Welcome to the fourm. I can't help with bees but there are a lot of beeks on here from California they may be able to help.


----------



## Specialkayme (Sep 4, 2005)

Welcome to the site!


----------



## Dermot duggan (Apr 27, 2011)

Thanks guys, so you guys are called "beeks" Birdman? - LOL


----------



## jip (Apr 10, 2009)

Hey, welcome to the forum.

Pink Cow is near you. He might have something for you, maybe.

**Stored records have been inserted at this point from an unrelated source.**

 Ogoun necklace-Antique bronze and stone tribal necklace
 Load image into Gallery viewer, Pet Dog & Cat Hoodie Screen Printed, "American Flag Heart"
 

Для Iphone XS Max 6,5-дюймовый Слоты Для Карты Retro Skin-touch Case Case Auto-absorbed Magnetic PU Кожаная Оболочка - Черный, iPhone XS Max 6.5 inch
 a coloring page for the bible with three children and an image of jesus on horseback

But if not I have some established hives.


----------



## Birdman (May 8, 2009)

I was just lazy didn't want to spell the whole word.


----------



## Dermot duggan (Apr 27, 2011)

Hi Jip, thanks for the tip - Pink cow, that conjures up all sorts if weird images 

Lets keep talking, I'm keen to populate the hive asap


----------



## Dermot duggan (Apr 27, 2011)

Birdman said:


> I was just lazy didn't want to spell the whole word.

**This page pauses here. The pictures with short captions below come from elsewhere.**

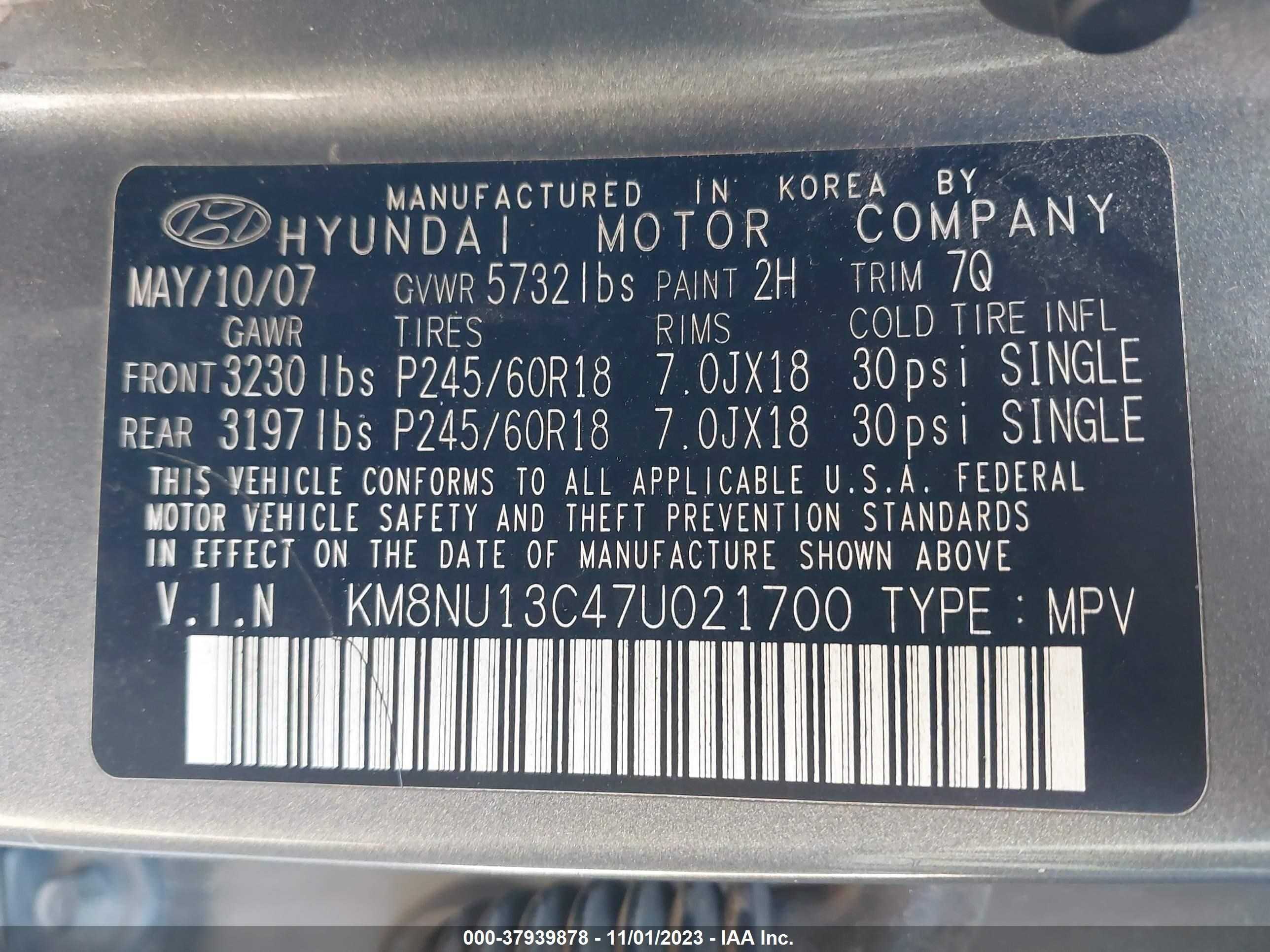 Photo 8 VIN: KM8NU13C47U021700 - HYUNDAI VERACRUZ 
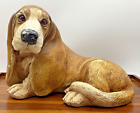 Vintage 1983 Homco Basset Hound 12" Large Figurine Statue Dog Brown Tan Doorstop
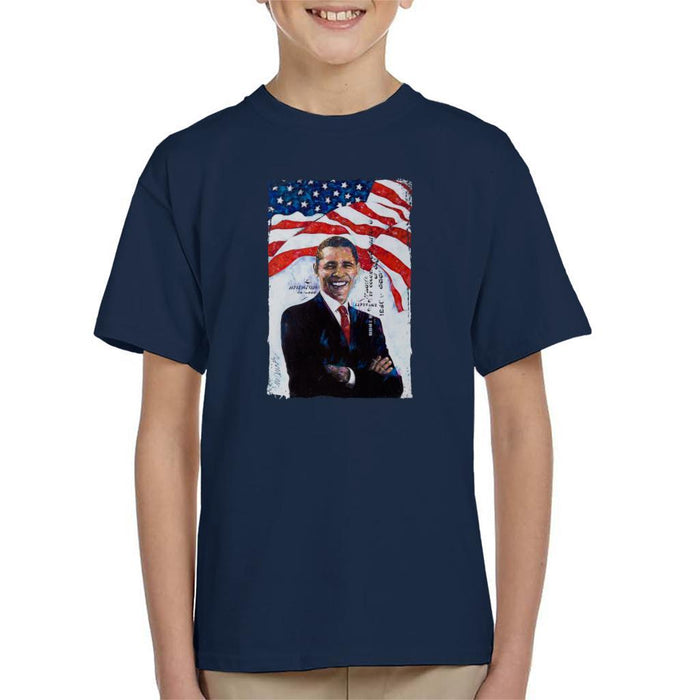 Sidney Maurer Original Portrait Of Barack Obama Kids T-Shirt - Kids Boys T-Shirt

No I love it, I'm going to get a tee shirt printed up - Or even better have it added to my bee suit - "The NORCAL BEEKs"


----------



## Birdman (May 8, 2009)

Look like you might be a beek soon. good luck and enjoy your new hobby.


----------



## Birdman (May 8, 2009)

You said you friend had two hives at your place. Why not buy a queen and make a split from them. Just a thought.


----------



## Dermot duggan (Apr 27, 2011)

I thought about that, however one of the hives has just gone back and the other (Still in my yard) swarmed several times just recently. I'm concerned that the remaining hive may not be big enough now to allow for a split. Is there any way of knowing if the hive is big enough?


----------



## Birdman (May 8, 2009)

open it an look if they swarmed the queen didn't have any where to lay.


----------



## Dermot duggan (Apr 27, 2011)

They were out of space, so i've added another super to allow from growth. My question is how do I now establish if the remaining colony is big enough to split again?


----------



## jip (Apr 10, 2009)

Swarmed and you didn't catch them?


----------



## jip (Apr 10, 2009)

BTW, I PM'ed Pink Cow - Ed, said he'll contact you.


----------



## Dermot duggan (Apr 27, 2011)

Many thanks for the PM, I appreciate it!

Tried to catch the swarm but no luck!!



jip said:


> BTW, I PM'ed Pink Cow - Ed, said he'll contact you.


----------



## Birdman (May 8, 2009)

all you need is a couple frames of brood a frame of pollin and a frame of honey. If the were out of room they should be plenty of all. After they are going you can alway move frames around to help the weak hive.


----------



## Dermot duggan (Apr 27, 2011)

Do I need to ensure there is a queen cell on one of those frames? Also do u recommend a sirup feeder until the hire recovers its strength and raises a queen?

Cheers


Birdman said:


> all you need is a couple frames of brood a frame of pollin and a frame of honey. If the were out of room they should be plenty of all. After they are going you can alway move frames around to help the weak hive.


----------



## Birdman (May 8, 2009)

I would buy a queen that way she will lay soon after her release. Feed the split, if the hive has swarmed there should be plenty of store. They will make a queen if they are young eggs in the frames this takes around three week .


----------



## Dermot duggan (Apr 27, 2011)

Thanks Birdman



Birdman said:


> I would buy a queen that way she will lay soon after her release. Feed the split, if the hive has swarmed there should be plenty of store. They will make a queen if they are young eggs in the frames this takes around three week .


----------



## AmericasBeekeeper (Jan 24, 2010)

Welcome!


----------



## KQ6AR (May 13, 2008)

Hi Dermot,
If pink cow doesn't have anything extra, I can sell you a couple nucs.
I'm in Concord. You should check out www.diablobees.org. MDBA its also has a facebook page. Most of us locals are members.


----------